Search code examples
pythonpandasdataframeviewcopy

Why does .loc/.iloc return a copy and how can I make it return a view Pandas DataFrame?


I have a class containing a pandas.DataFrame and a method that returns subset of it's columns. I want to get a view, not a copy.

class Data:
    def __init__(self, path, selected_features):
        df = pandas.read_excel(path)
        self._features = df[selected_features].astype("float64") # df[selected_features] is only int64  and float64

    def features(self):
        return self._features.iloc[, 0:2] # for simplicity let's just return 2 columns

Using np.shares_memory()I've established that it returns a copy.

data = Data(path, selected_features)
print(np.shares_memory(data._features, data.features()))
# False
print(np.shares_memory(data._features, data._features.iloc[:,0:2]))
# False

I've tried using .loc and it yields the same result.

Why is it returning a copy and how can I make it return a view.

Note: I've seen the docs and thread 1, thread 2 and thread 3 - none helped me resolve the issue.


Solution

  • There are some errors in your code:

    • data._features does not exist in your code, maybe data.labels?
    • labels.iloc[0:2] does not return 2 columns but 2 rows.

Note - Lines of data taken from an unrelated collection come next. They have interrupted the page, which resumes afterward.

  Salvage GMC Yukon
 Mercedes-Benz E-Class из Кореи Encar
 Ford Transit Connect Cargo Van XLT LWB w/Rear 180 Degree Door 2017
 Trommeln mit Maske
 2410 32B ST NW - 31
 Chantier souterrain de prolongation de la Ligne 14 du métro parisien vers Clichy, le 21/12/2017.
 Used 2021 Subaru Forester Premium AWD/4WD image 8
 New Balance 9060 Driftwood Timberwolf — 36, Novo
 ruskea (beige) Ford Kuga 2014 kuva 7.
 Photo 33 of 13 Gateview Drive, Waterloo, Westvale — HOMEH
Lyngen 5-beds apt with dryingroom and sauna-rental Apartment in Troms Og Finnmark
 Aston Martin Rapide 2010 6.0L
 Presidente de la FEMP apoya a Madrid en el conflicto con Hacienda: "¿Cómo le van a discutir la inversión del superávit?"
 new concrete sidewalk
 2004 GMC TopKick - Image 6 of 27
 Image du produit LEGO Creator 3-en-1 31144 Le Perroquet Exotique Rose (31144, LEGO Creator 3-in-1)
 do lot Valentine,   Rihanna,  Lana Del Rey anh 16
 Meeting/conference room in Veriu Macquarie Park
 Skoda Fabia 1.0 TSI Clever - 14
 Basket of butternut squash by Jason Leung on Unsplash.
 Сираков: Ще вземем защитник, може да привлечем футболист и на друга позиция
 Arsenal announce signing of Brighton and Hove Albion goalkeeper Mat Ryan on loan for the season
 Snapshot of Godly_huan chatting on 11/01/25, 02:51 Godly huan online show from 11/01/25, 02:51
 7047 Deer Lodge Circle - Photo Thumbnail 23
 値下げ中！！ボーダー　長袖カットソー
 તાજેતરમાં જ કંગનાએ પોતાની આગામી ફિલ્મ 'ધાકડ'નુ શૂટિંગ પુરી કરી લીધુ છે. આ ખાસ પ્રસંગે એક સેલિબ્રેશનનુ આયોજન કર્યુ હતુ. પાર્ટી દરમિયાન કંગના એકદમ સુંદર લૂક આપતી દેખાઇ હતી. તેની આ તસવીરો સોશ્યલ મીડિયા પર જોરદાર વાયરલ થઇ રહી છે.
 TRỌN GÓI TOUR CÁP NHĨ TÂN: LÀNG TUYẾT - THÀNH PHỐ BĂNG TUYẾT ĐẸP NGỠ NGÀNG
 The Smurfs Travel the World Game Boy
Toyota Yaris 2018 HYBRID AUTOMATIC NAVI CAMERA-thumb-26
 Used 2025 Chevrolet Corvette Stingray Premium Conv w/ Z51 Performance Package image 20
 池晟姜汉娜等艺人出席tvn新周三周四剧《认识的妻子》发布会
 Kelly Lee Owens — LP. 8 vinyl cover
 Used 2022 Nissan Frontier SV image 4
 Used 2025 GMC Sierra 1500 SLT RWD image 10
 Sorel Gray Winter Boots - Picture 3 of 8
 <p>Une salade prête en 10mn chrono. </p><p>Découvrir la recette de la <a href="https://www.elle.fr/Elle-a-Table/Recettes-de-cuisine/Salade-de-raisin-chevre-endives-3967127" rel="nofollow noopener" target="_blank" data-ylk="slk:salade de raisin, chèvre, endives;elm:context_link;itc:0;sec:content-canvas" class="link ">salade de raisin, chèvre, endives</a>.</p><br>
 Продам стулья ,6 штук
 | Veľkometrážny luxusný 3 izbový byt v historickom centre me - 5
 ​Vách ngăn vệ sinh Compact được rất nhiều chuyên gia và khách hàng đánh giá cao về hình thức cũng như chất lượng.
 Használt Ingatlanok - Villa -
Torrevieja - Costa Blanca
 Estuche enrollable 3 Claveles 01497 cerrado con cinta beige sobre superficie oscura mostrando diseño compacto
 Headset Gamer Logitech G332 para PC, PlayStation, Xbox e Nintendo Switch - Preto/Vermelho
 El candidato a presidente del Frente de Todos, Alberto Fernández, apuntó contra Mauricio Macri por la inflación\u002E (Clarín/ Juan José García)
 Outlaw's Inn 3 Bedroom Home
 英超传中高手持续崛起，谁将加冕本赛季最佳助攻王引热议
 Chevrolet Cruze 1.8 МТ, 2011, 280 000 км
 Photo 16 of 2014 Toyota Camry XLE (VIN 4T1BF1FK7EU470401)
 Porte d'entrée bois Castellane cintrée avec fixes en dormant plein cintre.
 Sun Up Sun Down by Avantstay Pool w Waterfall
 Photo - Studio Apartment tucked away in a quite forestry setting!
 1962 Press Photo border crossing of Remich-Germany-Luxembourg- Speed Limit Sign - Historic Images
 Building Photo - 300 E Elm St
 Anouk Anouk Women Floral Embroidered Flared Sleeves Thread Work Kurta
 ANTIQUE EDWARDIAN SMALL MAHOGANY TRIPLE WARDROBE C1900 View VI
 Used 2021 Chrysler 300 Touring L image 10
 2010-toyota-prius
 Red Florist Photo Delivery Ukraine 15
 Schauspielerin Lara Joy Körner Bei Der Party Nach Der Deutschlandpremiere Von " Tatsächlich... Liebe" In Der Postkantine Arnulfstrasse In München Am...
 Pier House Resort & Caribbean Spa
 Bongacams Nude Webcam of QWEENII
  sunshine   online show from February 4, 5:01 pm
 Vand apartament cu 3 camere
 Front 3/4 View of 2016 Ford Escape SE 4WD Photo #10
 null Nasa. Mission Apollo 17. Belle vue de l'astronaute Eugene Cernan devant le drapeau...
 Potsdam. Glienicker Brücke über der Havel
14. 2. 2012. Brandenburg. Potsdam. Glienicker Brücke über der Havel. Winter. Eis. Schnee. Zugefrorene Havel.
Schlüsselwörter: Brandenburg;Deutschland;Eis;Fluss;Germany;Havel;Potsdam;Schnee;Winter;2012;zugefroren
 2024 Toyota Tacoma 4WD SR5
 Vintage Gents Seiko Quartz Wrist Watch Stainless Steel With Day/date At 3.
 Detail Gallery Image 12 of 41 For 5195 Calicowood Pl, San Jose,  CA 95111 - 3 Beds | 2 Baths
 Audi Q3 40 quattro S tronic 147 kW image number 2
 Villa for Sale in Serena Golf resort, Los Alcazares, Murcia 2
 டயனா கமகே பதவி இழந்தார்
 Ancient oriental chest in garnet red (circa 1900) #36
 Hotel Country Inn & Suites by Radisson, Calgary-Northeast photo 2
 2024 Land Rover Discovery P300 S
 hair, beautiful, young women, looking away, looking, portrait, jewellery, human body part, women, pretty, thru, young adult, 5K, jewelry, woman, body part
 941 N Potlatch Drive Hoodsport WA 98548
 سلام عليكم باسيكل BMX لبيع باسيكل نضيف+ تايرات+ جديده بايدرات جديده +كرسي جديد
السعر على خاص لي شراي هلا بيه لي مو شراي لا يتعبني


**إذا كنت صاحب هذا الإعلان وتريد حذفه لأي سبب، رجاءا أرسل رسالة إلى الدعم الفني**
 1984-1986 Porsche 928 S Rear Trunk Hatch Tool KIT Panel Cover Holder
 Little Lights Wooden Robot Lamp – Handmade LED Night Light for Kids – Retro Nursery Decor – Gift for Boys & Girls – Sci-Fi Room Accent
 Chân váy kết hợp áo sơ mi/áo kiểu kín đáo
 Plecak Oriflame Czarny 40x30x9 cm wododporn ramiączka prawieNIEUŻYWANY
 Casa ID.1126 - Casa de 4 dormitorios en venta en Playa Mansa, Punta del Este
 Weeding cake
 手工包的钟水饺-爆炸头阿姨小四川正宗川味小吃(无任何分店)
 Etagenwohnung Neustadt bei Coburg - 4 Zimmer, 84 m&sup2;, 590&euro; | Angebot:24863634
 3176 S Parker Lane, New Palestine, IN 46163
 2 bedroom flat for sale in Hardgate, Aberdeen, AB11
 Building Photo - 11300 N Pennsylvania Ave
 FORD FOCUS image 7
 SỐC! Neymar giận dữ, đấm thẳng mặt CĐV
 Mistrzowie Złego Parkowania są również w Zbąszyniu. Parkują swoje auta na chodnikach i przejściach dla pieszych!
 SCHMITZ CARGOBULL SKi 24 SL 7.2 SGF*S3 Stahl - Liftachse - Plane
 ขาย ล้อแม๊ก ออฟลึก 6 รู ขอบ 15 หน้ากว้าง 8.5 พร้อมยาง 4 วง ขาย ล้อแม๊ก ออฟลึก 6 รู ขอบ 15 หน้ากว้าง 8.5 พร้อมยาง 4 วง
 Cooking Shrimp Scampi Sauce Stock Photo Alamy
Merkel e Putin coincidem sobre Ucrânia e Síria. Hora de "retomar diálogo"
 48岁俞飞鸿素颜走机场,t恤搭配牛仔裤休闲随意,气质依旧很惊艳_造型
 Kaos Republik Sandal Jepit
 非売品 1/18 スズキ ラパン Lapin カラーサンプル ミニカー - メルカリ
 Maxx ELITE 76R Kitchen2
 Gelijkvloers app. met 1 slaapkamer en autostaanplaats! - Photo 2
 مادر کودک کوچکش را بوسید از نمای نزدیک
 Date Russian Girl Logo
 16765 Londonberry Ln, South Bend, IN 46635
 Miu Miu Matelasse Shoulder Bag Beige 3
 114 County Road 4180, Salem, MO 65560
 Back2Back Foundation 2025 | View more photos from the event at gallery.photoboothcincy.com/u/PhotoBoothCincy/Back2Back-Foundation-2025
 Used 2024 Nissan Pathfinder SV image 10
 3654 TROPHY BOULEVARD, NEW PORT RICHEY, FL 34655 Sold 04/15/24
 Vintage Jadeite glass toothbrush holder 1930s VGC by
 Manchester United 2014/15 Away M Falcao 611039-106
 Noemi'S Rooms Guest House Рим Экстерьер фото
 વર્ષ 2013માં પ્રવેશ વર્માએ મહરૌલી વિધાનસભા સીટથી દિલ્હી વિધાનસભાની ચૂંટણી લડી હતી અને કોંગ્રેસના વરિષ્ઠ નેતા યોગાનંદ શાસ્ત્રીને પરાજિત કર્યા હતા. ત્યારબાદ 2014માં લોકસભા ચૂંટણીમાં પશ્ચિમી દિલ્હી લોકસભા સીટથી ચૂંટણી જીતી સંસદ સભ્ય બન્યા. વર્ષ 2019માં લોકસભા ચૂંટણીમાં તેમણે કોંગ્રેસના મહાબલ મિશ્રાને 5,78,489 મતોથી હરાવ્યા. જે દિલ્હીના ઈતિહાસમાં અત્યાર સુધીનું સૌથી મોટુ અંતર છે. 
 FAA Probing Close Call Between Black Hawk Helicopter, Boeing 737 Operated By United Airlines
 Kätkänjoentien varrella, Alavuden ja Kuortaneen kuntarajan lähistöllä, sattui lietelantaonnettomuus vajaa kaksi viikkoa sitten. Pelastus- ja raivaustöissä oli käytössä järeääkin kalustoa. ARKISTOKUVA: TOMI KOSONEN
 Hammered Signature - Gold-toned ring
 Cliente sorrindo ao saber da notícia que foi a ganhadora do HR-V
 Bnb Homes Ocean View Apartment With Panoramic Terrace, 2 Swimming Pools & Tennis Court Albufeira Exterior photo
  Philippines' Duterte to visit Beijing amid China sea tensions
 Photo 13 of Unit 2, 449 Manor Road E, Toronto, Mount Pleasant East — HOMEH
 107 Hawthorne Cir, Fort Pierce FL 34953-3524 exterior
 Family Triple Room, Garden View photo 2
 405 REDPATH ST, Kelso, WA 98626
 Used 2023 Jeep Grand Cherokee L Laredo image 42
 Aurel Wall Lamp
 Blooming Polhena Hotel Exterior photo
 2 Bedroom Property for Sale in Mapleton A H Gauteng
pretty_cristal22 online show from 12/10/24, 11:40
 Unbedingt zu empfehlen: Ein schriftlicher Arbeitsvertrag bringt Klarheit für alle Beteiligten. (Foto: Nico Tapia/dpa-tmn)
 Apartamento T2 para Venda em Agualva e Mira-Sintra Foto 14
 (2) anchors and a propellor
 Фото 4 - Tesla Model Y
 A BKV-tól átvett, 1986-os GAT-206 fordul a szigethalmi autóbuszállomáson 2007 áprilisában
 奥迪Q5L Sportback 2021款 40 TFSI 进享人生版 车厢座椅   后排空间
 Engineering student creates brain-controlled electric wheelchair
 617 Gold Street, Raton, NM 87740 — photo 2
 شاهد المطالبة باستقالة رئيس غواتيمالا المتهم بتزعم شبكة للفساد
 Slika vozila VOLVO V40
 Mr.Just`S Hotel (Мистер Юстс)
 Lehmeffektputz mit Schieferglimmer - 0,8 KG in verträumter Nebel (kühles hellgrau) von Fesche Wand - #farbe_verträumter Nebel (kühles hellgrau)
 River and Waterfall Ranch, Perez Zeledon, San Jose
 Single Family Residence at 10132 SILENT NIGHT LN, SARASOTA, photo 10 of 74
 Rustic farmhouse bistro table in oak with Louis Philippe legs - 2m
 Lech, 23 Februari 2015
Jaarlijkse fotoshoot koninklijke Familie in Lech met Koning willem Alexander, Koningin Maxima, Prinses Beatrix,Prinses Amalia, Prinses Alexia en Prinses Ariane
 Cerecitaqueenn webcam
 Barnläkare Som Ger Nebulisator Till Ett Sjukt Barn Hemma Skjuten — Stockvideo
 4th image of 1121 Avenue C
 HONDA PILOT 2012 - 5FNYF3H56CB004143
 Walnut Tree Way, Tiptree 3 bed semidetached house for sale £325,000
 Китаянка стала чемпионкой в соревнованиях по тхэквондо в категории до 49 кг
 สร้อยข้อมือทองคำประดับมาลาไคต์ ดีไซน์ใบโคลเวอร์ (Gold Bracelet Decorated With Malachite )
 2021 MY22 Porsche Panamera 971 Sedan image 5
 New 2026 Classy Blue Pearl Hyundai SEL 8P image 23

    Why does .loc/.iloc return a copy

    Or not?

    >>> df = pd.DataFrame(np.random.random((10, 4)), columns=list('ABCD')).copy()
    
    >>> df._is_view
    False
    
    >>> df._is_copy
    None
    
    >>> hex(id(df))
    '0x7fd3c7a5ba60'
    
    >>> df.iloc[:, 0:2]._is_view
    True
    
    >>> df.iloc[:, 0:2]._is_copy
    <weakref at 0x7fd43731c540; to 'DataFrame' at 0x7fd3c7a5ba60>
    
    >>> np.shares_memory(df, df.iloc[0:2])
    True
    
    >>> np.shares_memory(df, df.iloc[0:2].copy())
    False
    

    Note: copy() is important to avoid SettingWithCopyWarning because Pandas keeps a reference to the source DataFrame.